Artist Biography: Katie is an activist, life coach and storyteller devoted to justice. She has been working throughout her life to dismantle oppressive systems that marginalize and divide. Through coaching, she brings justice home into the relationship we have with ourselves. Through storytelling, she practices activism as medicine, using narrative to restore connection and collective healing.
STACEY WINN
Terroir
Opening for Sara Felder
Wed. 8/12 at 7:00 pm
Sat. 8/15 at 7:00 pm
San Francisco Mainstage
Show Description: It’s hard to make friends when you’re in the Lord’s Army! Terroir is inspired by my experiences growing up within fundamentalist Christianity, where I learned that demons were real and it was my job to save the world. And not have sex, obviously.
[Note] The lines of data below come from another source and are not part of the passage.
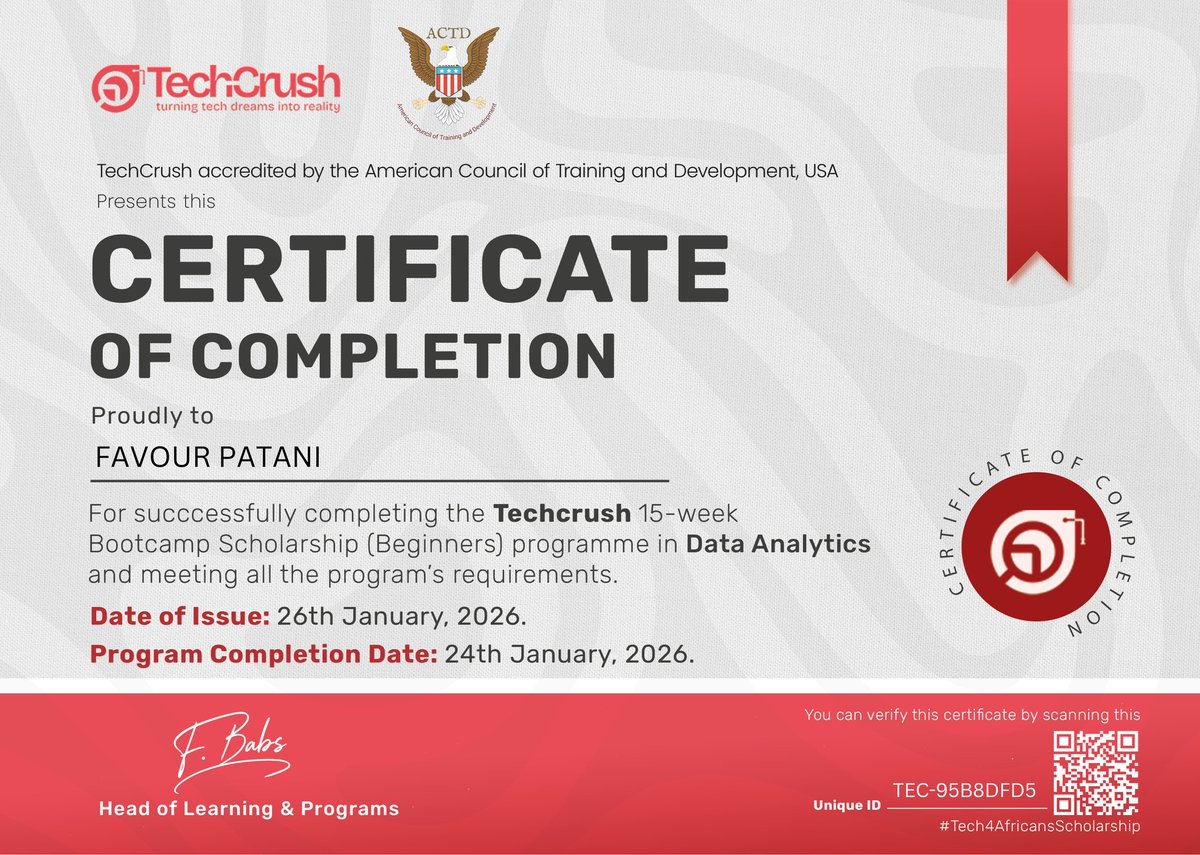 Favour Patani tweet media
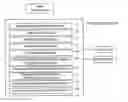 Fig. 01 - Mass spectrometric data analyzer and mass spectrometric data analyzing program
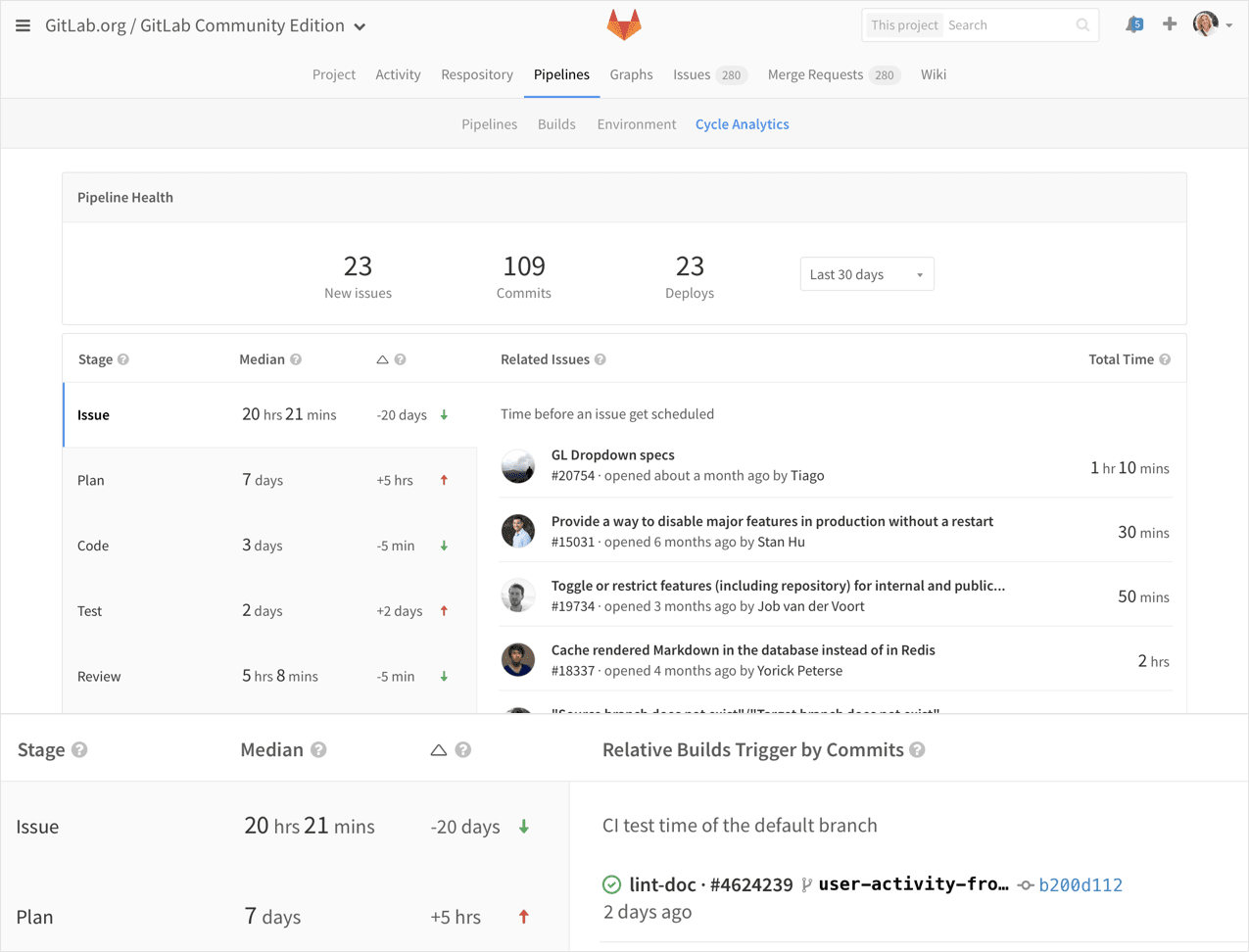 Cycle Analytics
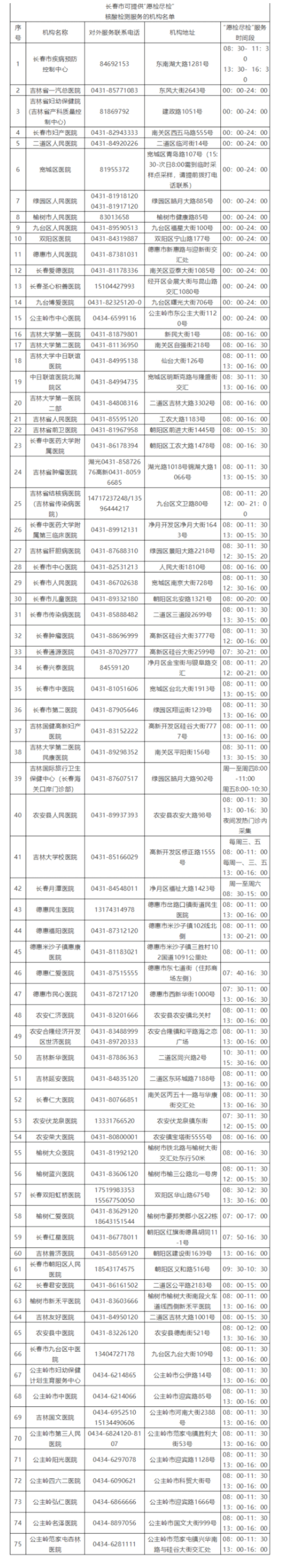 网络|扩散！最新名单来了！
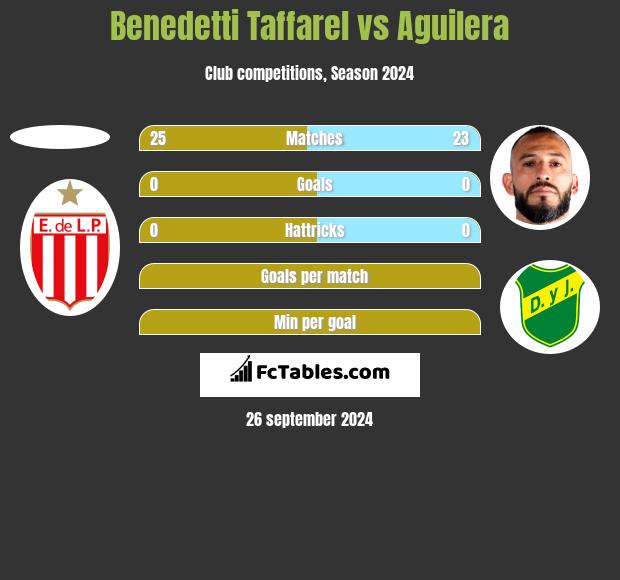 Benedetti Taffarel vs Aguilera h2h player stats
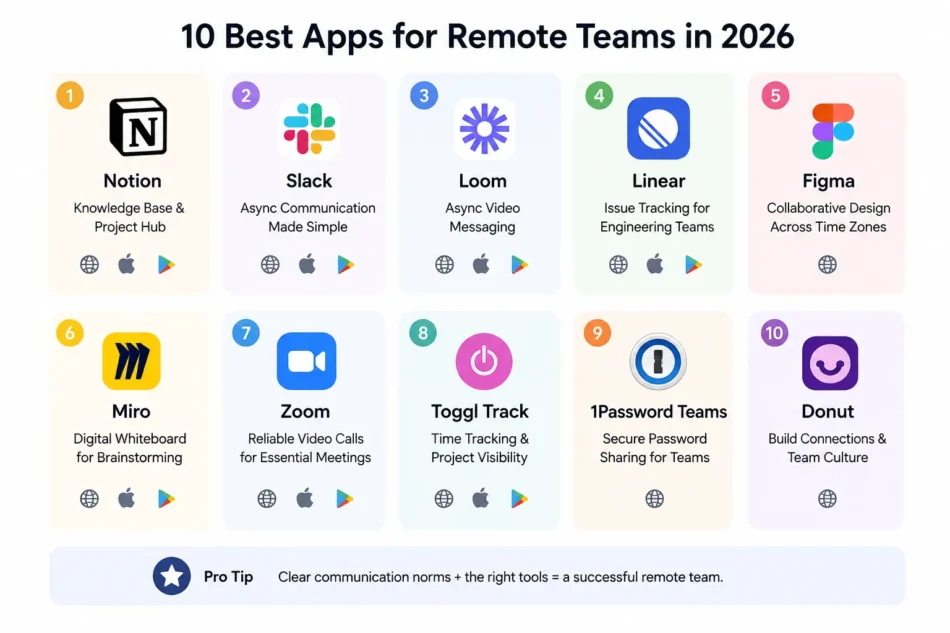 remote team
Artist Biography:I performed excerpts from Terroir both in the 2024 IFOYE Festival as well as at a workshop with Placer Rep, and my earlier solo work, Sandwiched, was presented as part of the Marsh International Solo Fest in 2022. Some of my favorite roles include: Abigail in The Crucible, Fred in Once Upon a Mattress, Poopay in Communicating Doors, Alice in You Can’t Take it With You, and Lady Macbeth in Macbeth. I’ve also done a whole bunch of improv and sketch comedy.
MICHELLE MOGHTADER
Saffron Confessions
Opening for Dev Cuny
Wed. 8/19 at 7:00 pm
Sat. 8/22 at 1:00 pm
Berkeley Theatre
Show Description: Saffron Confessions is a one-woman comedy about an Iranian-American who’s never been to Iran, the family who survived it and the questionable idea of going back to find out who she is.
Set a mehmooni, an Iranian house party, where she will never leave hungry, but will leave judged. As family and friends gather, everyone has an opinion. She must navigate the voices of an image-obsessed mother, a patriotic father, an exiled general clinging to vanished glory and a grandmother with no filter. It’s a show about heritage, hunger, and wanting the one thing your whole family ran from.
Artist Biography: Michelle Moghtader is a writer and performer based in San Francisco. She’s a former journalist who once covered Iran and the Middle East. Her work is character-driven, and interested in the politics of family, which she explores by becoming everyone in hers.